Okay, that’s not completely true. My family, like many across America, rejoiced in the ruling itself, and not just because we have a gay child. We celebrated the wisdom of the five Justices who carefully balanced states’ rights with equal protection, exhilarated by Justice Kennedy’s pronouncement that “while the Constitution contemplates that democracy is the appropriate process for change, individuals who are harmed need not await legislative action before asserting a fundamental right.” Heck, we practically draped ourselves in American flags.
But I just can’t stop myself. The nation’s long-running debate over same-sex marriage has focused on the balance between federal “equal protection” laws (embodied in the 14th Amendment, passed in 1868 after the Civil War, and the basis of Brown v. Board of Ed, the case that dismantled racial segregation in schools) and the rights of states to set their own rules. One area of dissent over a reauthorized ESEA is the proper balance between federal oversight — equal protection of all students, regardless of state of residence — and the rights of states to decide independently how to manage chronic underperformance of schools and cohorts of students.
Consider the parallels. Justice Kennedy,writing for the majority, notes that same-sex couples have been “consigned to an instability many opposite-sex couples would find intolerable.” Just like children in chronically underperforming schools, particularly those from impoverished families, are consigned to an instability that many wealthier families would find intolerable. Same-sex couples and their children, posits Justice Kennedy, have been “denied the constellation of benefits that the States have linked to marriage.” Just like children, mostly minority ones, are denied the constellation of benefits that many non-minority children have access to through high-performing schools. The inequality and lack of access to the institution of marriage, says Justice Kennedy, has subjected to the LGBTQ community to “a grave and continuing harm.” Just like the grave and continuing harm endured by students consigned to failing schools.
The ruling cites one state’s 1971 law that legislated that “the husband is the head of the family and the wife is subject to him.” Should women, then, await state action to gain equal rights? No, the ruling says: “when new insight reveals discord between the Constitution’s central protections and a received legal stricture, a claim to liberty must be addressed.” And, while the Constitution contemplates that “democracy is the appropriate process for change, individuals who are harmed need not await legislative action before asserting a fundamental right.”
That’s the ESEA dispute in a nutshell. While the current draft requires each state to publish gaps in achievement between different groups of children (low-income, minority, special education), it completely eliminates any requirements to address the problems it identifies. States and districts would be free to ignore achievement gaps and low graduation rates while still receiving federal funds aimed at closing those gaps. Students would be denied a fundamental right while awaiting state legislative action.

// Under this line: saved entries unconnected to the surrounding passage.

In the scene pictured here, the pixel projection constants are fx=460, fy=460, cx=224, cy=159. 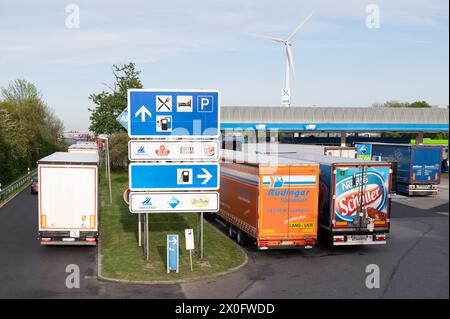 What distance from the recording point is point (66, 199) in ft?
56.1

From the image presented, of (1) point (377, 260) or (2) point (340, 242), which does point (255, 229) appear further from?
(1) point (377, 260)

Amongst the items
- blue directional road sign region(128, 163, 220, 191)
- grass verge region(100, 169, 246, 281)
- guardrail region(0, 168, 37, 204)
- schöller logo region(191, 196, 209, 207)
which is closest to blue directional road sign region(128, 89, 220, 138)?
blue directional road sign region(128, 163, 220, 191)

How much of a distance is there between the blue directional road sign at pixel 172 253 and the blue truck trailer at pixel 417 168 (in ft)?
79.0

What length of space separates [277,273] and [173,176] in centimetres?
478

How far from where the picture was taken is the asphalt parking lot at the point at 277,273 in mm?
12867

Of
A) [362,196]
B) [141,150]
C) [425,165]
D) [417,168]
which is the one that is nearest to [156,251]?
[141,150]

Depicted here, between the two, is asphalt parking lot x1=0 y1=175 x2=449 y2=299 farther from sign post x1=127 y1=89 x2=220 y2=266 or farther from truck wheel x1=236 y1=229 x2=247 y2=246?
sign post x1=127 y1=89 x2=220 y2=266

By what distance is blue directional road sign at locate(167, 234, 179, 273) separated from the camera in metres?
14.6

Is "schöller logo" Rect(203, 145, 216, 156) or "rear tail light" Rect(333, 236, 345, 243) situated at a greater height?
"schöller logo" Rect(203, 145, 216, 156)

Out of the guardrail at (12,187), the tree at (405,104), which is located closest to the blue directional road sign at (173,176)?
the guardrail at (12,187)

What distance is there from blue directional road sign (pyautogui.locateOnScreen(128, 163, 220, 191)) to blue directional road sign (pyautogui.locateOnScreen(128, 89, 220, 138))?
3.45 feet

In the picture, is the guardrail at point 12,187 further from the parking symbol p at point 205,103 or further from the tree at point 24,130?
the parking symbol p at point 205,103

It’s like same-sex marriage before Friday. The federal government was able to take certain circumscribed actions. President Obama repealed “don’t ask, don’t tell” and decided not to defend the “Defense of Marriage Act,” but no act of federal law could force state legislatures to accord gay couples access to the institution of marriage, even when certain state laws rendered to them grave and continuing harm.

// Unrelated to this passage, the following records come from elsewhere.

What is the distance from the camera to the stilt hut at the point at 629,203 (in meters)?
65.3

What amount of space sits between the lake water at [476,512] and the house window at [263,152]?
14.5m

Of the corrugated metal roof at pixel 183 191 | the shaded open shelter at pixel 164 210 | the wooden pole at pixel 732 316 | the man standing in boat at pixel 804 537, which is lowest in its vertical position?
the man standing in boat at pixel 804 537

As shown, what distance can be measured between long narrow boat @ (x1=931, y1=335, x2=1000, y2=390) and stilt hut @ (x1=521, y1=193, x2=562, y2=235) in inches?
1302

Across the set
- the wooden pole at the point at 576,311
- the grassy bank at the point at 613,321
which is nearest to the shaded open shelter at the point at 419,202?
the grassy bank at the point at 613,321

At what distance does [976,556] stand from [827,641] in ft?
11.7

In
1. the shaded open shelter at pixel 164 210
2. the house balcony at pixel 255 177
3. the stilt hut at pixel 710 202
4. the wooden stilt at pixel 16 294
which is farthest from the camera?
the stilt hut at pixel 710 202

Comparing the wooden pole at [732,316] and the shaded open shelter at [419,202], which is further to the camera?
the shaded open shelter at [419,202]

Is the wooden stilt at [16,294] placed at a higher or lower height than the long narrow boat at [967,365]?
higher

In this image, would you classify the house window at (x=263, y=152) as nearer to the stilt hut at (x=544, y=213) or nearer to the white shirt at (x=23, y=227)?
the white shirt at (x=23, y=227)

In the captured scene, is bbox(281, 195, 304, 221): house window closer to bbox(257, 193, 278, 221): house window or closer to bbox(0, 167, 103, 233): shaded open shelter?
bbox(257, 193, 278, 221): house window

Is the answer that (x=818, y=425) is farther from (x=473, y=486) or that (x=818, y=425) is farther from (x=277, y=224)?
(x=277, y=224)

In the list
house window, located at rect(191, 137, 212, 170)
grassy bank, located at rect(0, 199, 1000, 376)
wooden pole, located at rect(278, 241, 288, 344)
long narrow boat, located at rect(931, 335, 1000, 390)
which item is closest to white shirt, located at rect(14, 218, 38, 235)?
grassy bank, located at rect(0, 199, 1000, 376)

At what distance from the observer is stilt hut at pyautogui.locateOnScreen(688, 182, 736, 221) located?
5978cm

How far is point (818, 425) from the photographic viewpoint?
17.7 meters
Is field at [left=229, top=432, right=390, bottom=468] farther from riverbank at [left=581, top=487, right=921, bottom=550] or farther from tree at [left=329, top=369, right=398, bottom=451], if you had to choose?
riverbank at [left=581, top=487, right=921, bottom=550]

It’s no accident that some of the primary advocates for a stronger federal role in education are civil rights leaders. Under the current draft of ESEA, states have to identify subgroups of children underserved by schools but they don’t actually have to do anything about it. Here they are, a state could confess: low-income children in this school district or this school demonstrate unequivocable achievement gaps. Lah di dah.
Is it federal overreach to require action? Is it a denial of states’ rights to proscribe specific forms of remediation? How long do harmed individuals — in this case, our neediest children — have to wait for state legislative action before the federal government steps in?
This s the balance that Congress weighs as we approach a vote on ESEA. The Supreme Court did the right thing on Friday. Let’s hope we celebrate Congress’s wisdom too.